Task details: Where the records below reach the line containing "Помидоры с морковной", start transcribing, and end with the line containing "Креатив с зонтом", exactly and with nothing else added.

[Extracted information Boundary: Start]

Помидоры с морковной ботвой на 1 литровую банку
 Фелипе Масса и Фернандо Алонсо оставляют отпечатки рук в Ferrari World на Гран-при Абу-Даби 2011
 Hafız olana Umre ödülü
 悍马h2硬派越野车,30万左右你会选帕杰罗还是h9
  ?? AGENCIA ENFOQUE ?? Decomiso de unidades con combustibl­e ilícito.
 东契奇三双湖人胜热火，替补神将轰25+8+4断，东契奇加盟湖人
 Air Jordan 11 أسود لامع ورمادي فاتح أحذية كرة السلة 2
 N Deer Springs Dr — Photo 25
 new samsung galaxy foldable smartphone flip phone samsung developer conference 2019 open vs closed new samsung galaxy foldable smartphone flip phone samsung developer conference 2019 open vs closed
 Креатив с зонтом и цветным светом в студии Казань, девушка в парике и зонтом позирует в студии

[Extracted information Boundary: End]
[Extracted information Boundary: Start]

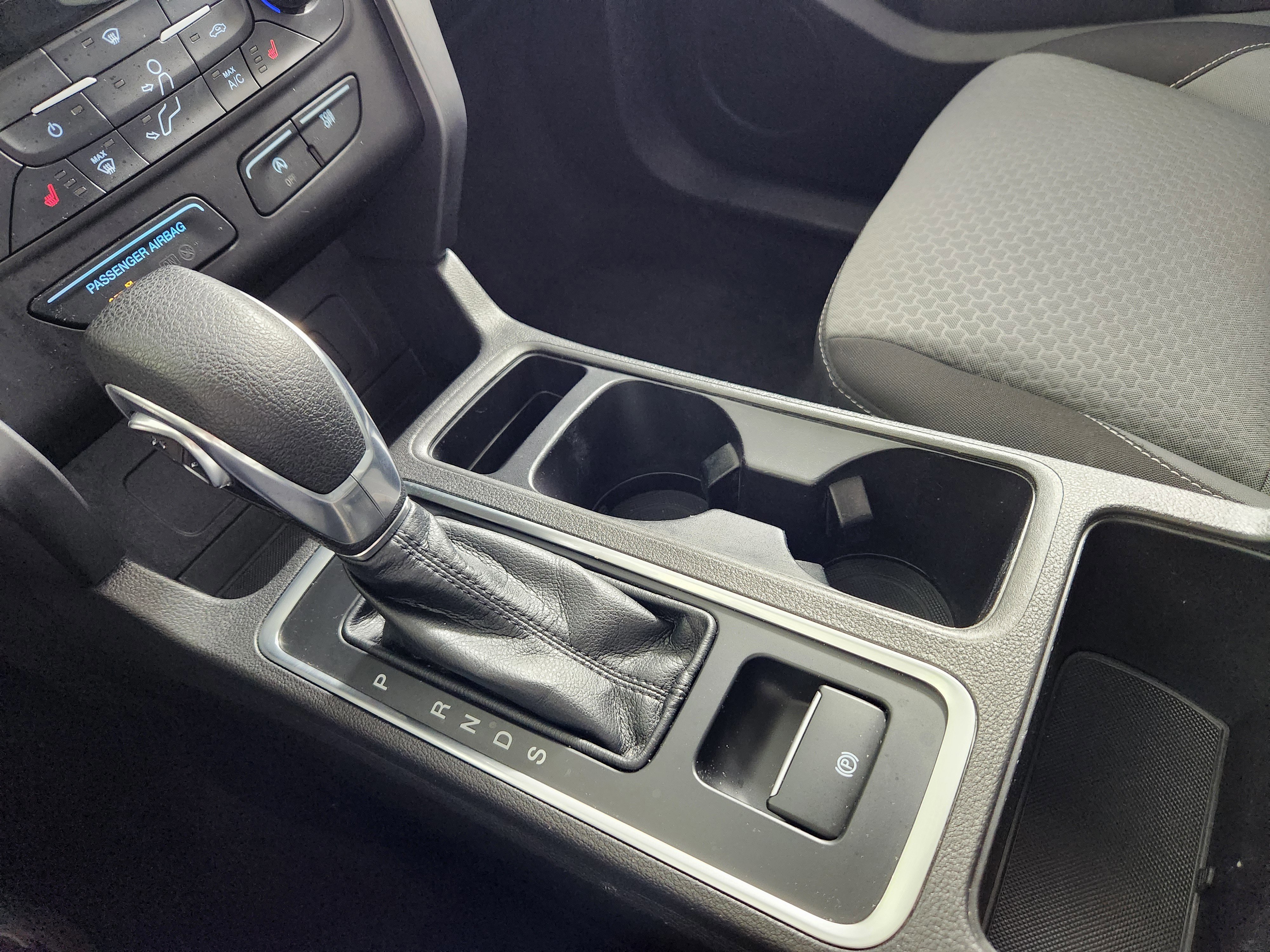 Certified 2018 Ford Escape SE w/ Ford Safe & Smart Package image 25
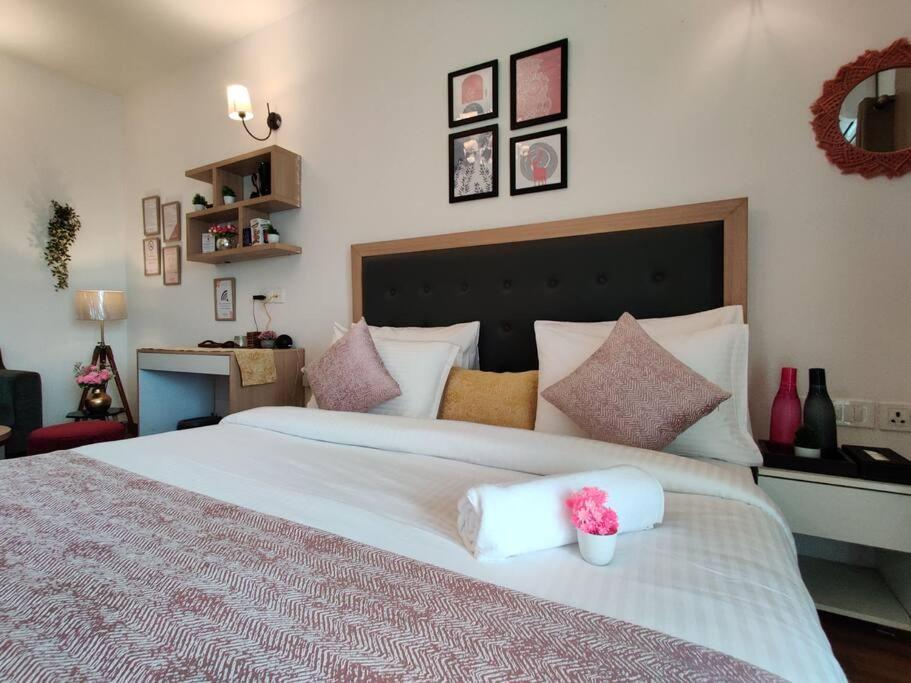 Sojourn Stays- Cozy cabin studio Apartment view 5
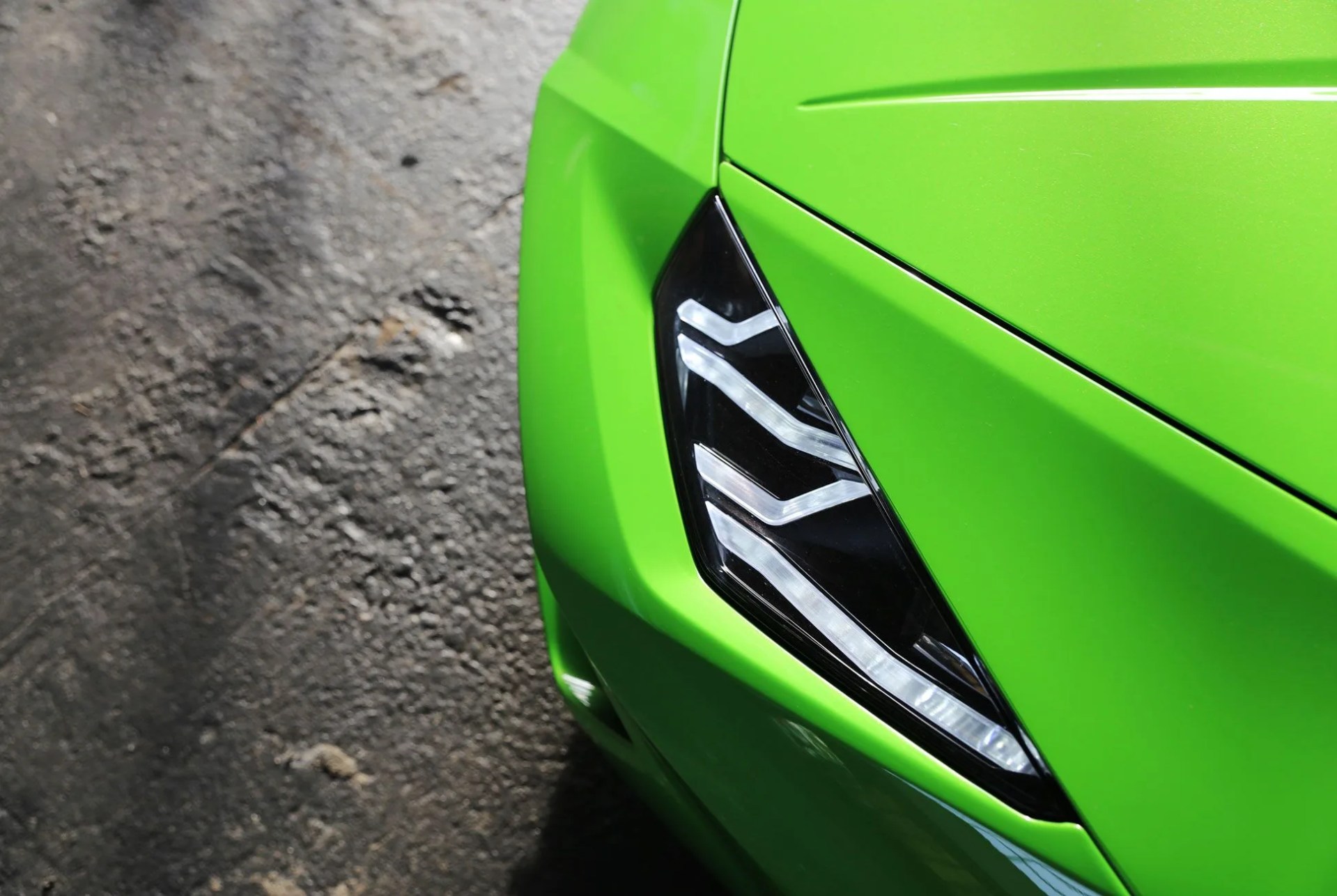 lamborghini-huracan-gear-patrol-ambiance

[Extracted information Boundary: End]

Solution to the problem:
Помидоры с морковной ботвой на 1 литровую банку
 Фелипе Масса и Фернандо Алонсо оставляют отпечатки рук в Ferrari World на Гран-при Абу-Даби 2011
 Hafız olana Umre ödülü
 悍马h2硬派越野车,30万左右你会选帕杰罗还是h9
  ?? AGENCIA ENFOQUE ?? Decomiso de unidades con combustibl­e ilícito.
 东契奇三双湖人胜热火，替补神将轰25+8+4断，东契奇加盟湖人
 Air Jordan 11 أسود لامع ورمادي فاتح أحذية كرة السلة 2
 N Deer Springs Dr — Photo 25
 new samsung galaxy foldable smartphone flip phone samsung developer conference 2019 open vs closed new samsung galaxy foldable smartphone flip phone samsung developer conference 2019 open vs closed
 Креатив с зонтом и цветным светом в студии Казань, девушка в парике и зонтом позирует в студии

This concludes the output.